One of the questions I get asked most often is: how do I accept failure? We all understand, in theory, that failure is how we learn. But most of us are deeply programmed to avoid it, especially failing in public.
Last week, I was at a talk by Richard Dawkins. At one point, he mentioned how the word meme is now used in a much broader sense than he ever intended when he coined it. It made me think of another word whose meaning has drifted over time: error.
Today, we use error as a synonym for mistake: something to be ashamed of, something to fix and forget. But for scientists, an error is simply the gap between prediction and outcome. It carries no moral weight. It’s just information.
The etymology of the word actually traces it back to the Latin noun meaning “a wandering about” or “a straying,” from the verb errare – to roam or drift. So an error really is just a detour. And every detour is an opportunity to explore new territory.
Once you understand this, your relationship with failure starts to shift. You stop asking “how do I avoid errors?” and start asking “what is this error telling me?” The gap between what you expected and what actually happened becomes the most interesting part of any project – the place where learning lives.

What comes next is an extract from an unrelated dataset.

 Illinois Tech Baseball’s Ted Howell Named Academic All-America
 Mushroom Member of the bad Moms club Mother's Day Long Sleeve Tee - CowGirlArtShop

Here’s how you can make friends with error:
Formulate a hypothesis before trying something new. This is how you create healthy room for error. When you make a prediction, you create the possibility of a gap between expectation and outcome, and it’s by examining that gap that you learn. No prediction means no gap means no lesson.
Ask yourself what margin for error you actually have. Some projects have small margins; others have generous ones. Sending a rocket to space is not the same as launching a newsletter. Knowing your margin should inform how boldly you experiment, and you’ll often find the margin is bigger than you assumed.
Create opportunities for error. Deliberately put yourself in situations where you don’t know what the outcome will be, where you can make an informed prediction but can’t be sure. This turns uncertainty from a threat into a playground, and gives you a more playful way to relate to the unknown.
A great way to do all three is to run tiny experiments: small, low-stakes trials with a clear hypothesis and a set duration. Try posting once a day for two weeks and see what happens. Test a new morning routine for ten days. The stakes are low, and the errors become data instead of disappointments.
Lastly, consider sharing this reframe with the people around you, whether that’s your children, your friends, or your colleagues. Most of us were trained to treat errors as things to hide. Imagine how differently we’d all work and learn if we treated them as things to examine together.
We have no idea what the future holds. That’s precisely why making friends with error matters: it frees you to make bolder predictions, take more interesting detours, and learn faster than the people still trying never to be wrong.